* **Work instruction**:
Using the listing below, copy exactly each line from the one that has "fresh ingredients" through the one that has "Formula Q32 Body And Wing Set (Red)"; omit the pictures.

* **Data for this exercise**:

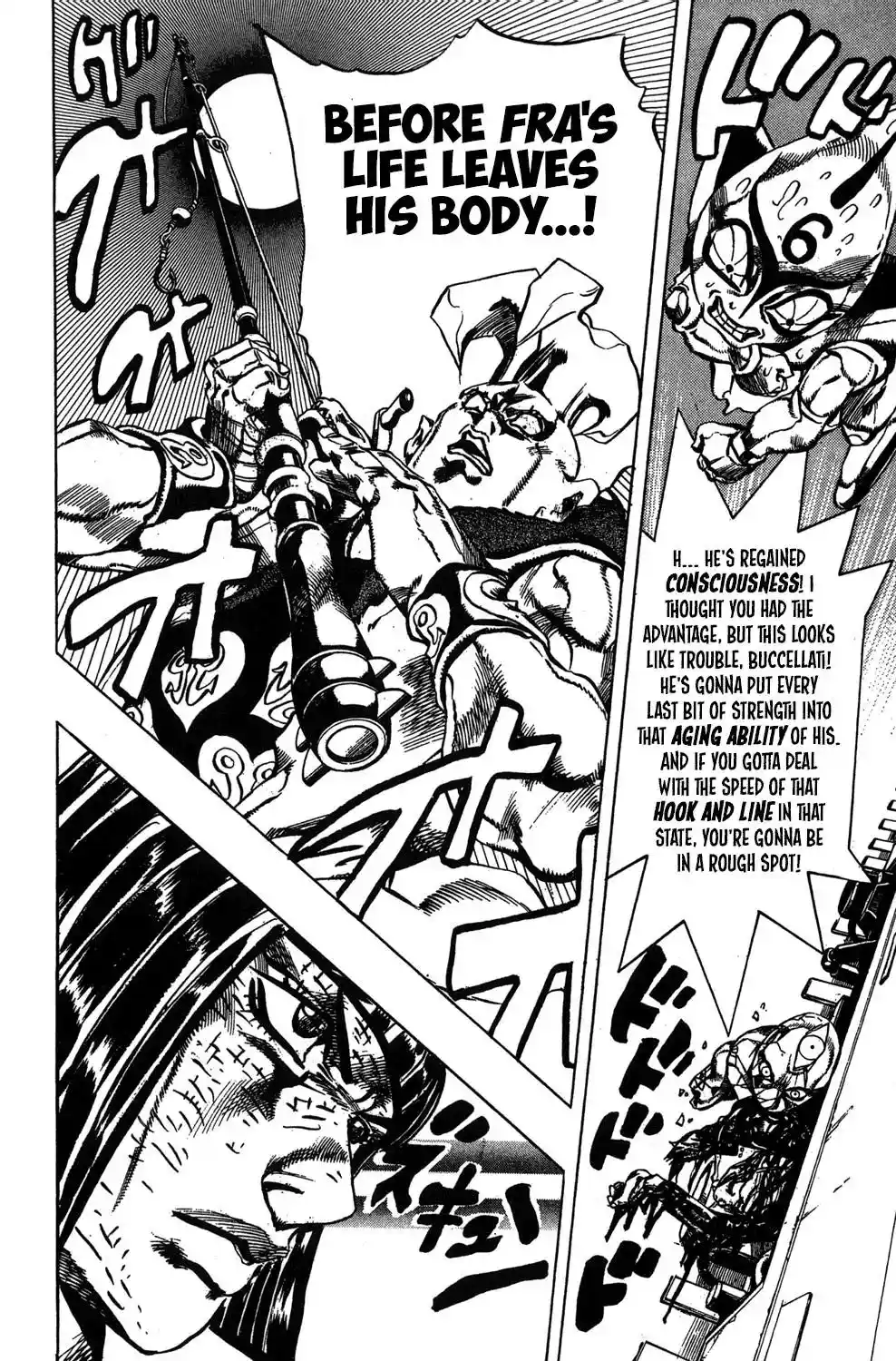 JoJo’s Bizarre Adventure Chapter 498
* * *
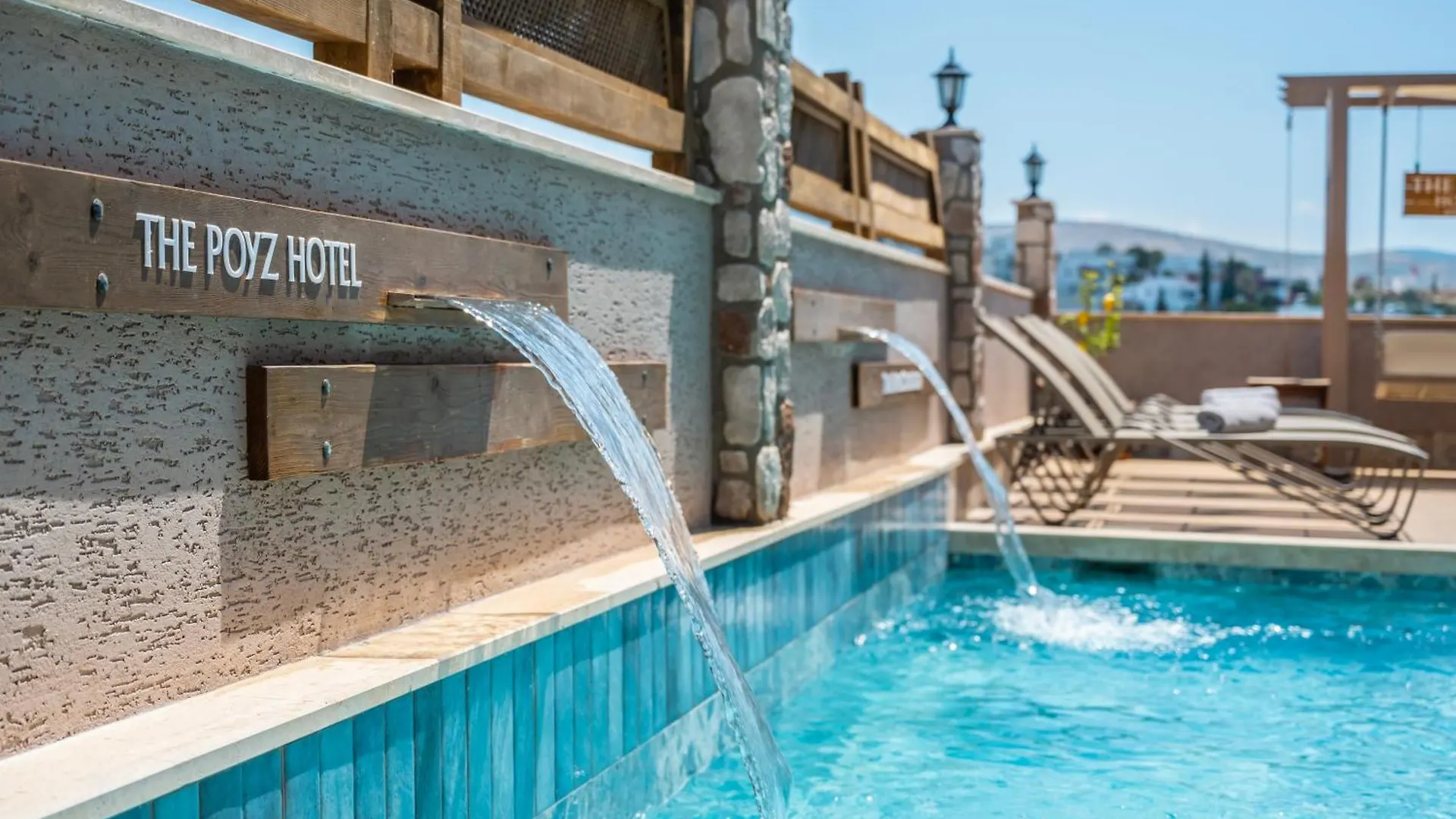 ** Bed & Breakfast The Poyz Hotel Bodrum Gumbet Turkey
* * *
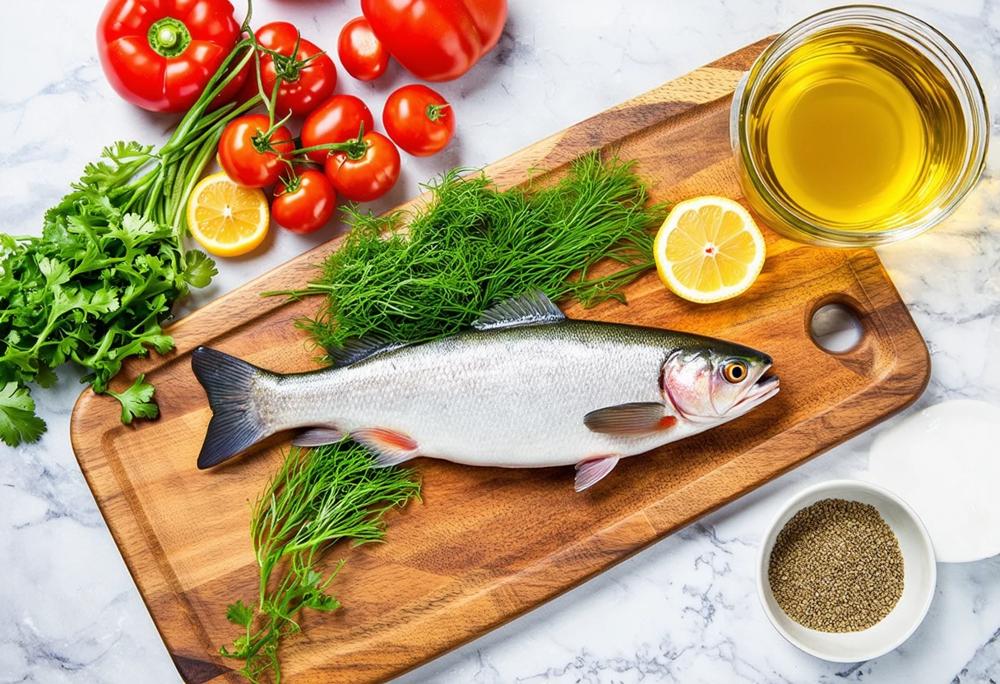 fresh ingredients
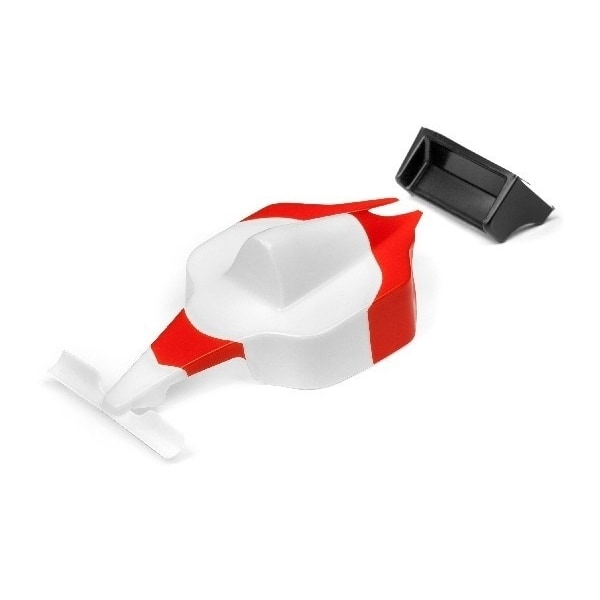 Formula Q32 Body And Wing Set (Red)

* **Answer box**:
 fresh ingredients
 Formula Q32 Body And Wing Set (Red)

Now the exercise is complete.